Data for review:
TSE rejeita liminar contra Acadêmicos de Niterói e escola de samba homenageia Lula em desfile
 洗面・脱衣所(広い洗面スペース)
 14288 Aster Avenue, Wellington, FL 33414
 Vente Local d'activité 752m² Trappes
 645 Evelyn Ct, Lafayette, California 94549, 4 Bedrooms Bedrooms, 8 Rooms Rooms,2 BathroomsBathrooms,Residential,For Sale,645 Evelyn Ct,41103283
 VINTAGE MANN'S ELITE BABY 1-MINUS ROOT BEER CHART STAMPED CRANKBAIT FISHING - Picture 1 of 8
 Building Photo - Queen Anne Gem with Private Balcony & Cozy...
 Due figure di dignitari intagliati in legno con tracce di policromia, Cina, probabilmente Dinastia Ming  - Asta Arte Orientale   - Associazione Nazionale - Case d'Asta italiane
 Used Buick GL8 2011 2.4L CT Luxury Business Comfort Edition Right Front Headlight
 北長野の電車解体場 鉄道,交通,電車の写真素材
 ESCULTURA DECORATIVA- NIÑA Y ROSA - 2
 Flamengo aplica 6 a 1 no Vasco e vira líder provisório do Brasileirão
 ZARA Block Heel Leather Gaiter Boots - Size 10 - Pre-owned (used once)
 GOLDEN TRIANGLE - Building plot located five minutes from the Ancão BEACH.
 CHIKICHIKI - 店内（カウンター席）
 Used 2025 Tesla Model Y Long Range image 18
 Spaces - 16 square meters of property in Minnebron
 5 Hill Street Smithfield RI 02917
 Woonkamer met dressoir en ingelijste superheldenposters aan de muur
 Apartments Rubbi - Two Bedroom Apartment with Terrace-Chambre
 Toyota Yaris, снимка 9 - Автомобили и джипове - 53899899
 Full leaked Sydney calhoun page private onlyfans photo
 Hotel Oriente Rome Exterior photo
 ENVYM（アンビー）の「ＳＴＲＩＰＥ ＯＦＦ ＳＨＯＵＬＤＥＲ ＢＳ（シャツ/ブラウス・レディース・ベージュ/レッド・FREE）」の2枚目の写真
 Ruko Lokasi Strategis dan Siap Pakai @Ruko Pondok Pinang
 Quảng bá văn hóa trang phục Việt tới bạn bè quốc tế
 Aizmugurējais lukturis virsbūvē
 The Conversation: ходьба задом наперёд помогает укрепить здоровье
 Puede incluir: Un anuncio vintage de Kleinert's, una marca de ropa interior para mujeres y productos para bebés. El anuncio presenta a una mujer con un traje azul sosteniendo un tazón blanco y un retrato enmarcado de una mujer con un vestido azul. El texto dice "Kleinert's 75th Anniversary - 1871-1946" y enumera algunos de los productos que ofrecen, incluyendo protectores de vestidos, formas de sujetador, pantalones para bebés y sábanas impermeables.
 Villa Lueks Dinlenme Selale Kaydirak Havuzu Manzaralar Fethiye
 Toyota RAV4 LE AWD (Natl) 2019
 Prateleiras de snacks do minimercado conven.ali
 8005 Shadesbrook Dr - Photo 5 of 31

Work instructions: Reproduce each line from the data that has "Building" in it.

Exercise response:
 Building Photo - Queen Anne Gem with Private Balcony & Cozy...
 GOLDEN TRIANGLE - Building plot located five minutes from the Ancão BEACH.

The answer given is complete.